**WORK TO BE COMPLETED:**
Further down are entries; set down exactly and only the lines from the one with "PLACENTA de GHEORGHE" up to and including the one with "Tummy Tuck: Patient 10 - Before 2", dropping each picture.
══ AVAILABLE RECORDS
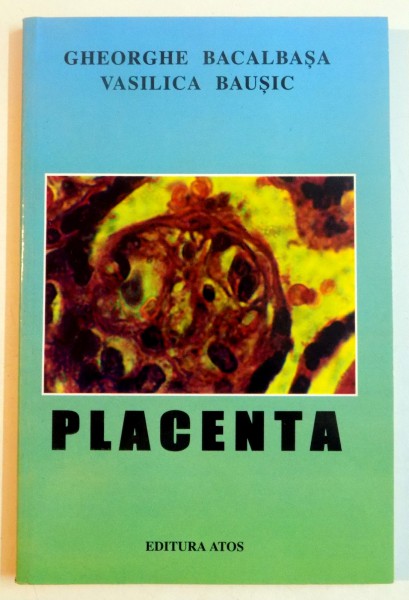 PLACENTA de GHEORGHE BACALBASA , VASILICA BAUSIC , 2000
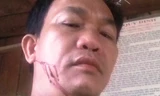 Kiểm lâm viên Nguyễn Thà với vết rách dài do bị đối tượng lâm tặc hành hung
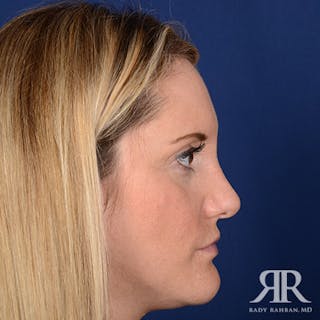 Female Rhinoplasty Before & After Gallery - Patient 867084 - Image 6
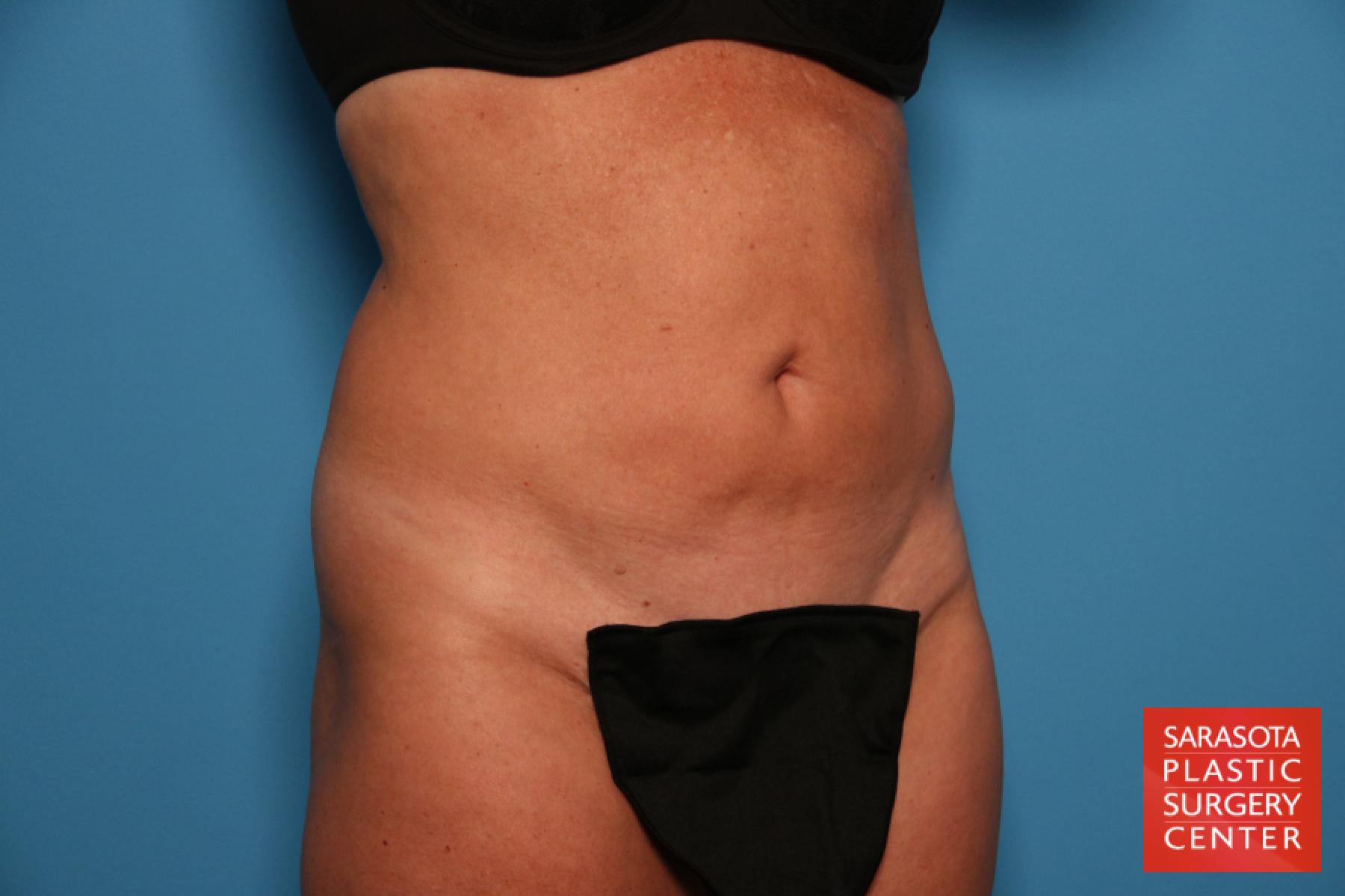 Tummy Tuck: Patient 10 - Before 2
════
══ AVAILABLE RECORDS
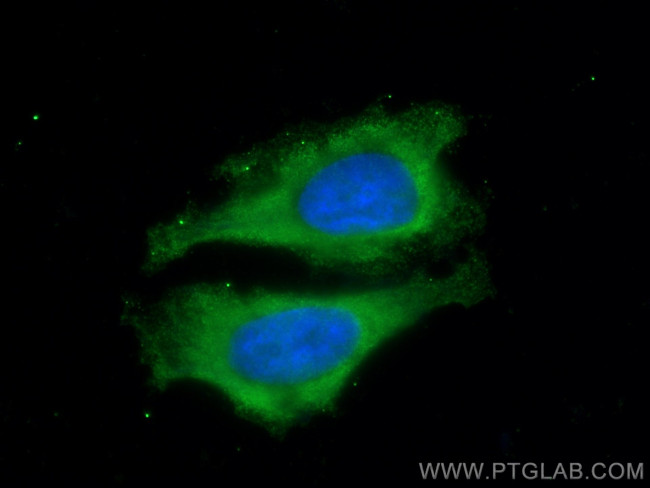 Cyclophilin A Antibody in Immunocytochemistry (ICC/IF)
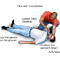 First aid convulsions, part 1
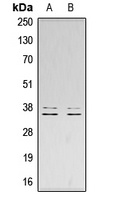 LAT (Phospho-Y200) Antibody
════
══ AVAILABLE RECORDS
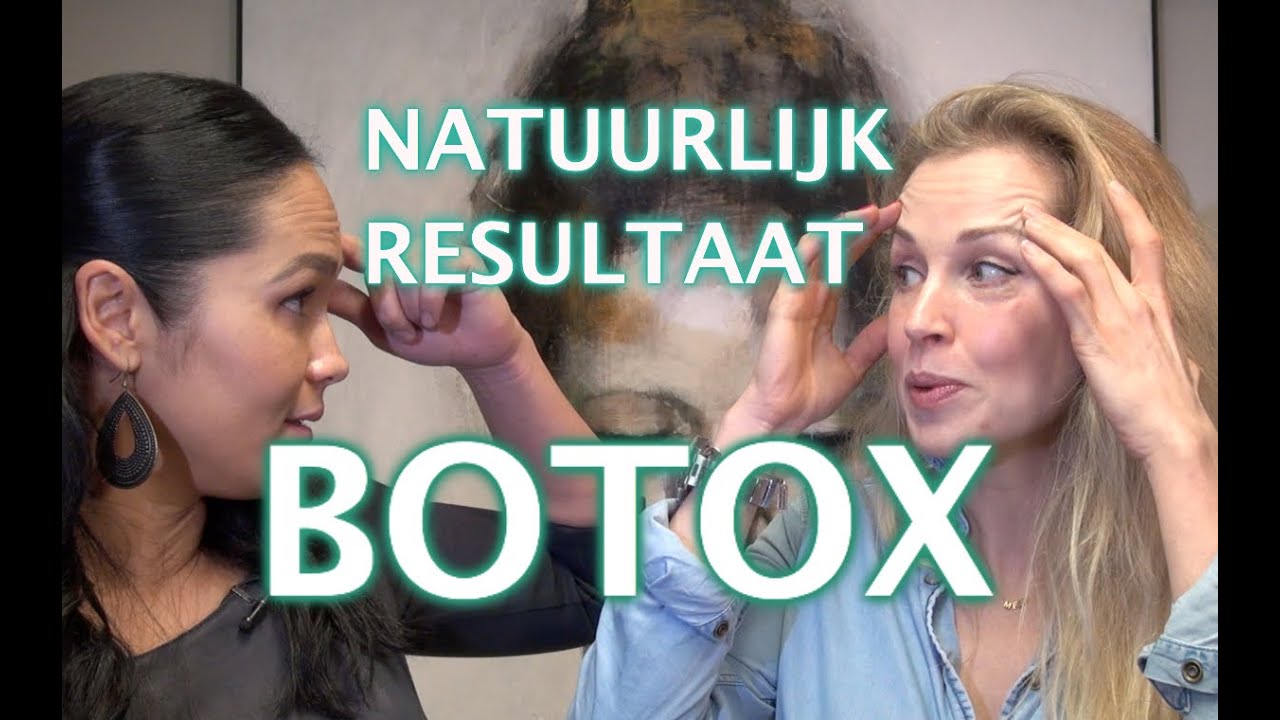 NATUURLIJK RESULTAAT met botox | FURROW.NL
════
**ANSWER TO THIS EXERCISE:**
 PLACENTA de GHEORGHE BACALBASA , VASILICA BAUSIC , 2000
 Kiểm lâm viên Nguyễn Thà với vết rách dài do bị đối tượng lâm tặc hành hung
 Female Rhinoplasty Before & After Gallery - Patient 867084 - Image 6
 Tummy Tuck: Patient 10 - Before 2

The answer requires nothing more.